Stephen Wang in Philosophy Now magazine.
Matthieu [in The Age of Reason] wants to justify his actions and base them on good reasons, or at least on some overwhelming desire; but by interrogating his motives, by trying to establish whether they are compelling, he distances himself from them.
This exposes the extent to which how [for some of us] the more you attempt to think through a situation looking for reason and motive and meaning, the more you actually come to things like dasein, conflicting goods and political economy.
The part about "overwhelming desire" seems more in sync with the libido, with instinct, with those deep down inside drives the human brain is notorious for. Just go where they take you, right? Why? Because as soon as you stop to think it all through rationally, to "analyze" it all "philosophically", the more likely you are to end up in the hole that "I" am in all busted up like Humpty Dumpty.
The process of examining his motives shows they have no binding power over his future: the search for obligations leads him to freedom because it uncovers the fact that alternative courses of action are also viable. However costly it seems, the price of being conscious of an identity is a corresponding liberation from that identity, with an ever-present responsibility for continuing or denying that identity. We experience this responsibility through anguish.
All I can say here is that this is more or less what happened to me the more I became immersed in existentialism, deconstruction and semiotics. I began to see how my own objectivist frame of mind was largely just a world of words brought together either by God or political ideology.

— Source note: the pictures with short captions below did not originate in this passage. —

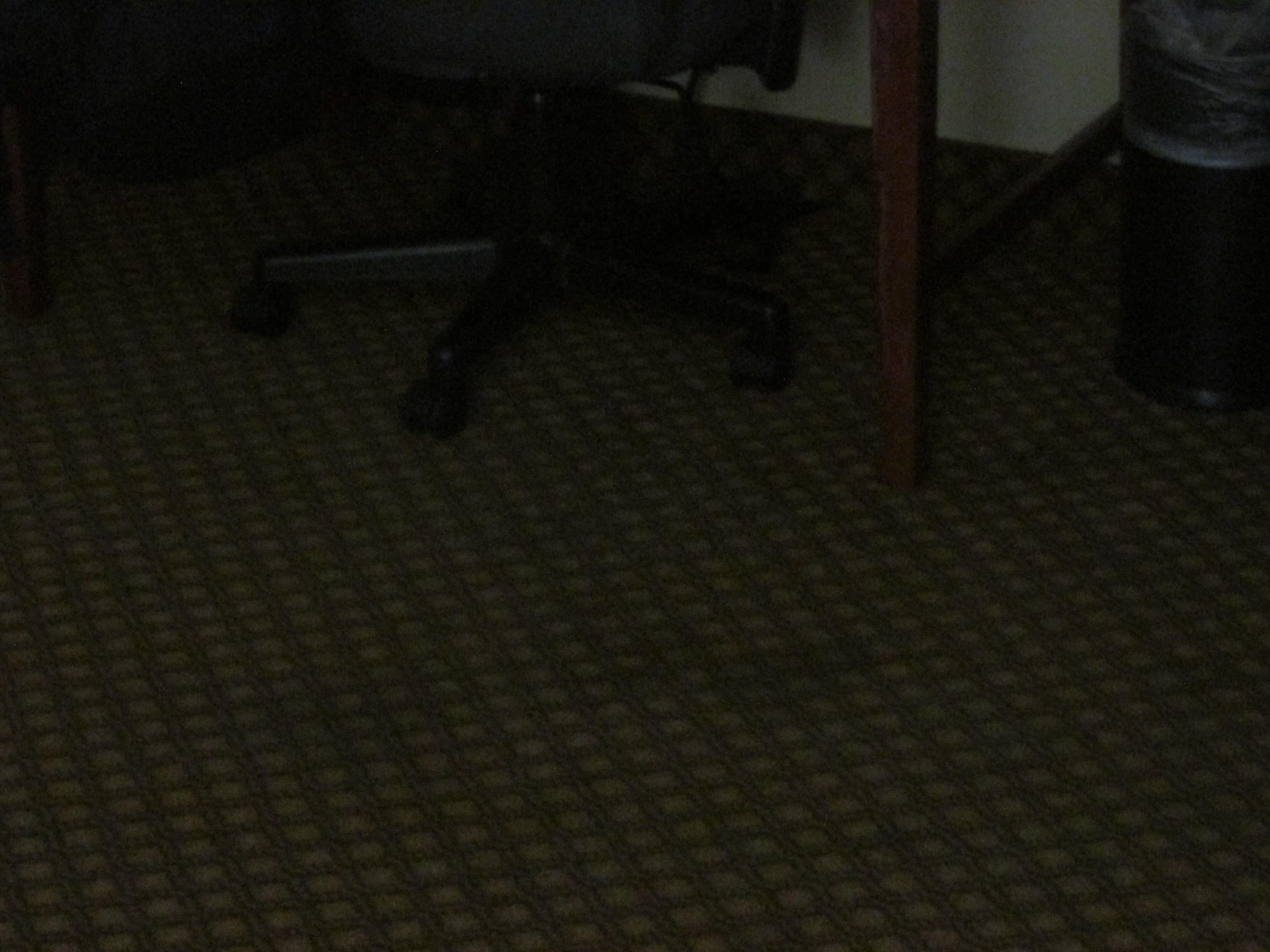Dirty carpet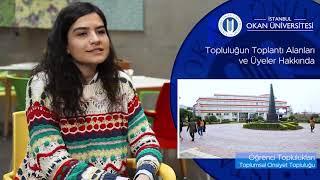 Toplumsal Cinsiyet Topluluğu | İSTANBUL OKAN ÜNİVERSİTESİ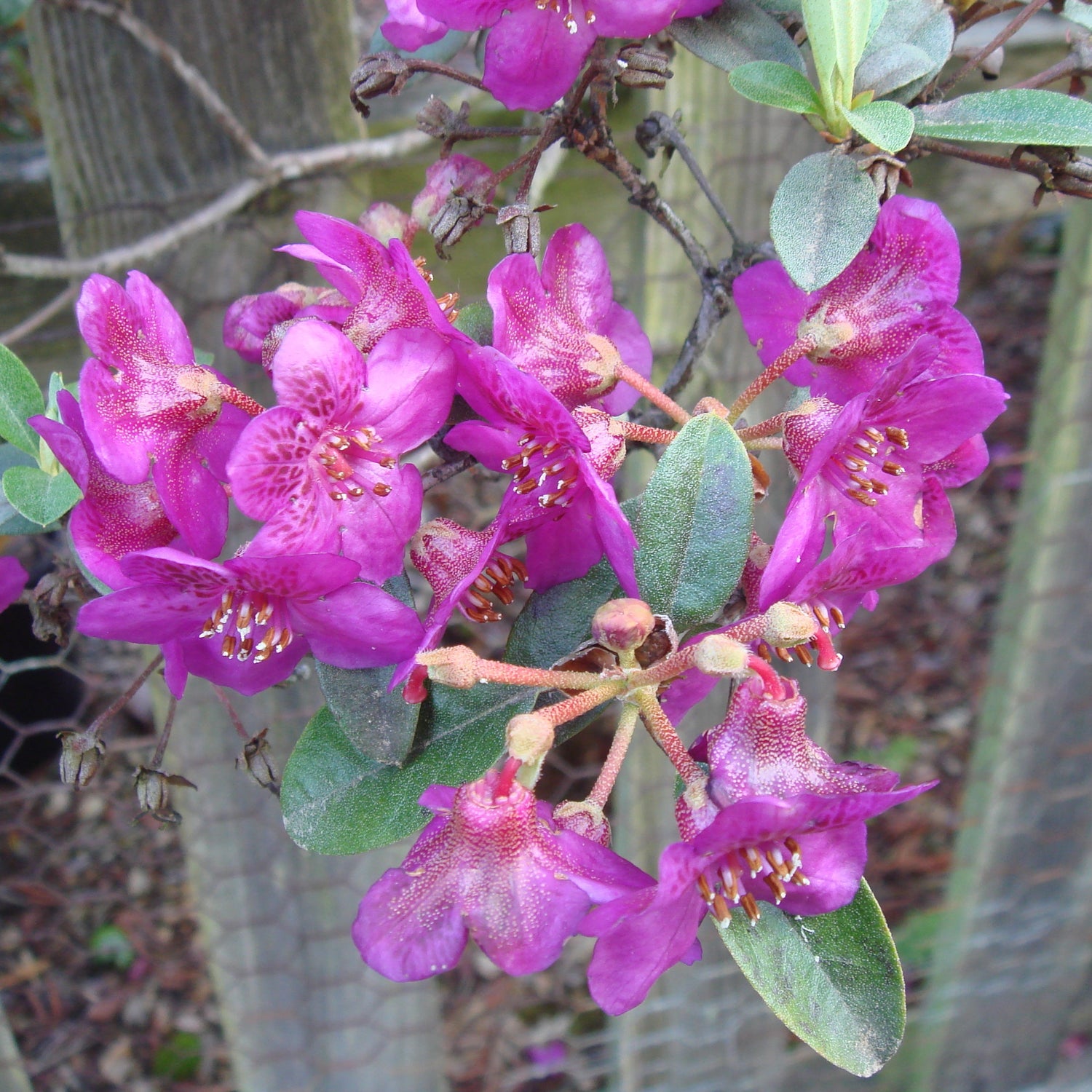 Rhododendron baileyi 1975/035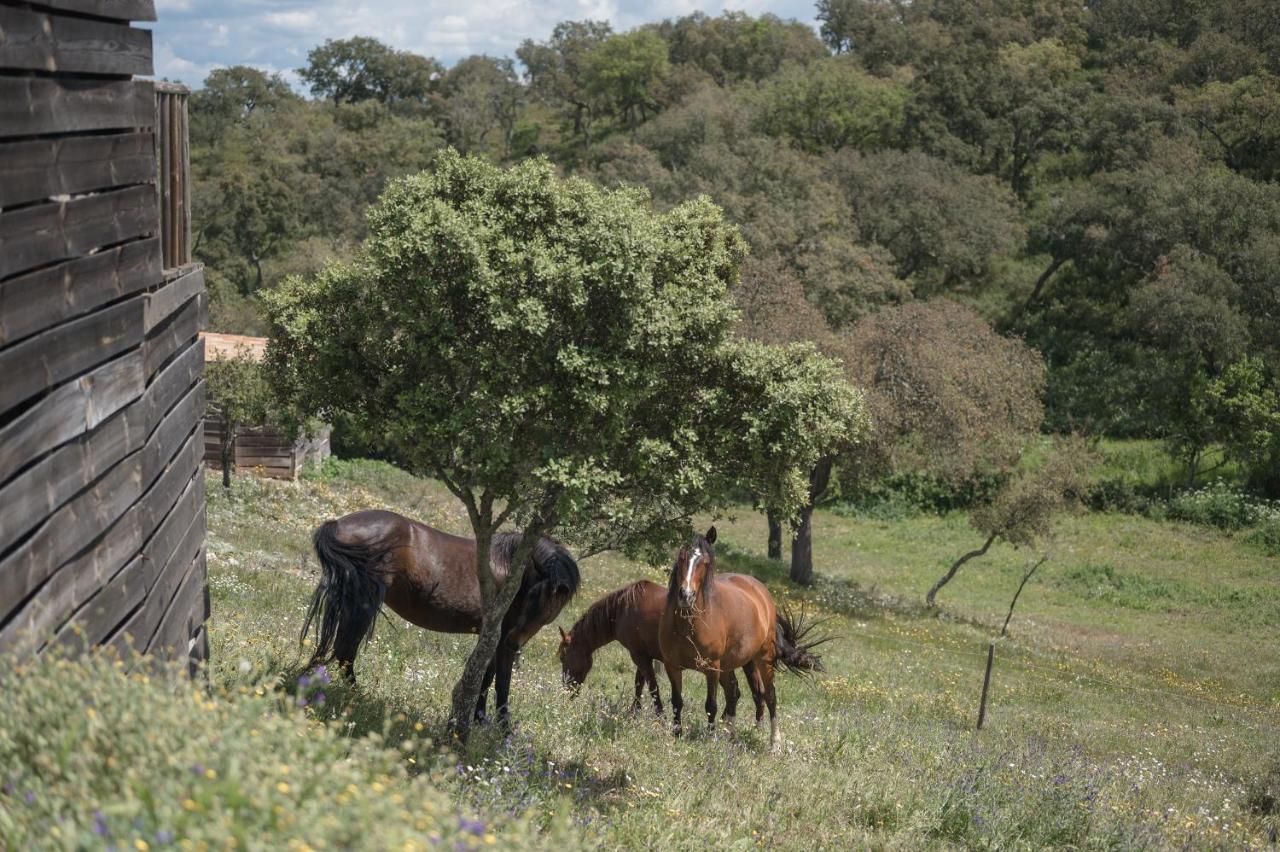 Monte Gois Country House E Spa Curvatos Buitenkant foto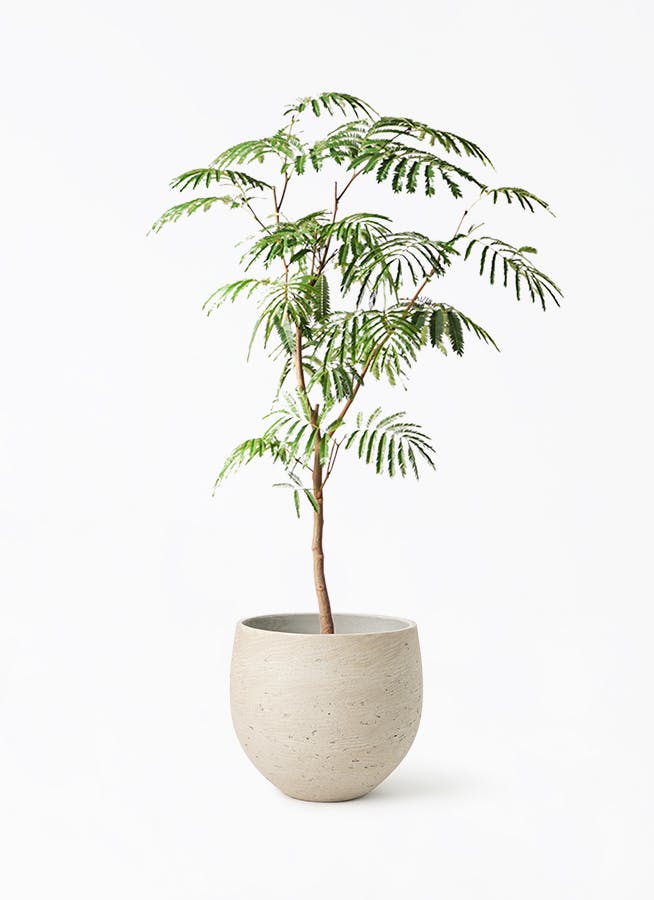 エバーフレッシュ 8号 | 観葉植物 | インテリアやギフトに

And, now, as a moral nihilist, that anguish pops up whenever I am confronted with conflicting goods embedded in this:
If I am always of the opinion that 1] my own values are rooted in dasein and 2] that there are no objective values "I" can reach, then every time I make one particular moral/political leap, I am admitting that I might have gone in the other direction...or that I might just as well have gone in the other direction. Then "I" begins to fracture and fragment to the point there is nothing able to actually keep it all together. At least not with respect to choosing sides morally and politically.
"I" am no longer able to think myself up out of it.

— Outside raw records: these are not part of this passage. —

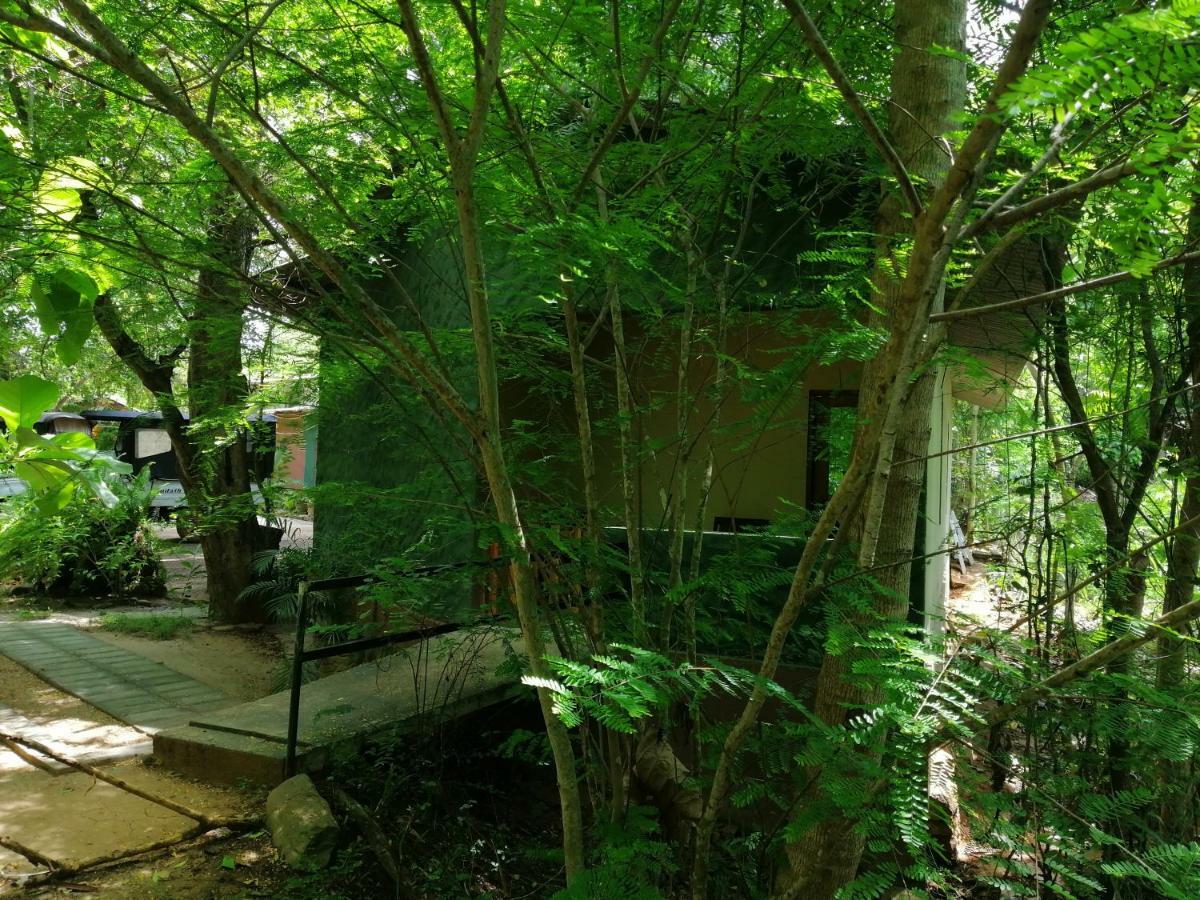 Silent Bungalow Udawalawe Zewnętrze zdjęcie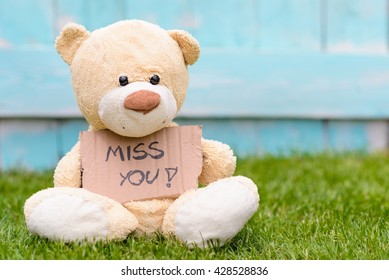 Little old teddy bear sitting on the grass in the garden and holding a piece of cardboard with the information - Miss You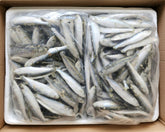 SPRATS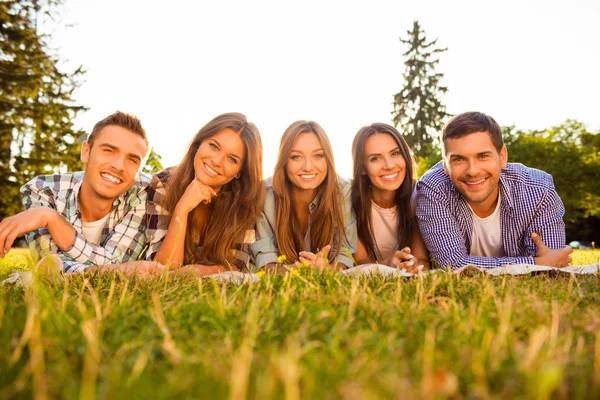 Retrato de cinco alegres amigos sonrientes tumbados en la hierba — Foto de Stock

This is not just a point about the fact that our identities change, since anguish does not come about when a past identity is forgotten and a new one adopted. Rather, anguish is a sign that human beings are ‘separated from themselves’, from the identities that constitute who they are now. We can review the present and not just the past, and we have a continual responsibility to recreate our identities through our choices.

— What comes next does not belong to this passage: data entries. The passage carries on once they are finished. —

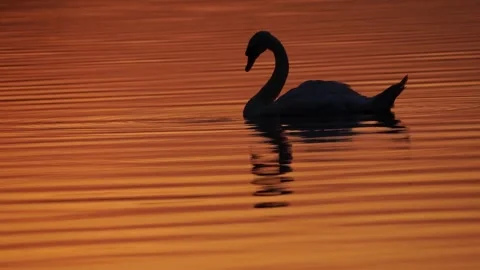 Swan in the lake at sunset Stock Footage 246086604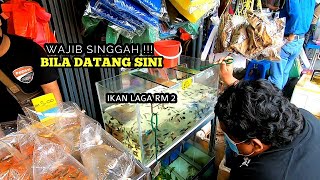 SEGALANYA DISINI - LUBUK BUAT PEMINAT IKAN HIASAN | ONE STOP CENTRE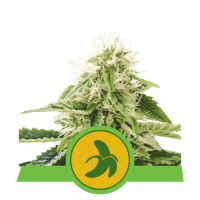 Royal Queen Seeds - Fat Banana | Autoflowering seed | 10 pieces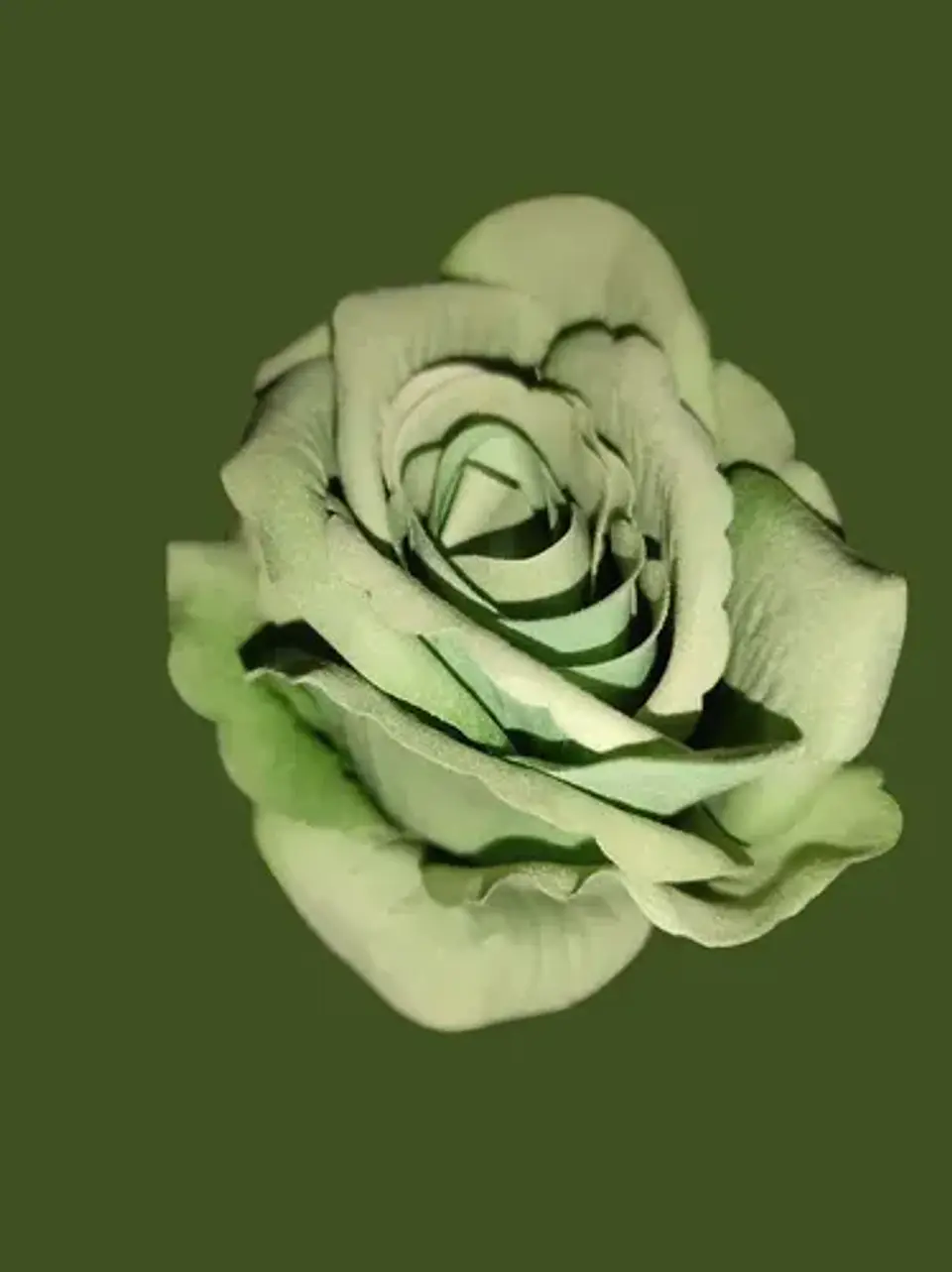 Rosa Artificial Para Regalo, Rosa Artificial  1 Unidad 50cm 8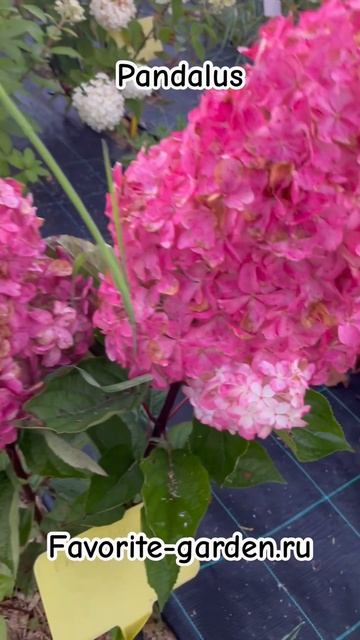 Pandalus #hidrangea #paniculata #гортензияметельчатая #гортензия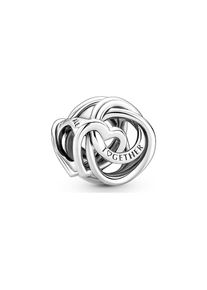 Pandora Charm Moments 791507C00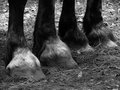 Day 5 - Hooves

You either come to embody this frame of mind or you don't. For me, it's not so much bearing the responsibility of recreating my identity "authentically", but of recognizing how many variables here are either beyond my comprehension or beyond my control. And that no set of behaviors is necessarily either more or less authentic. The "nausea" is derived from the manner in which I construe "I" as the fractured and fragmented embodiment of dasein.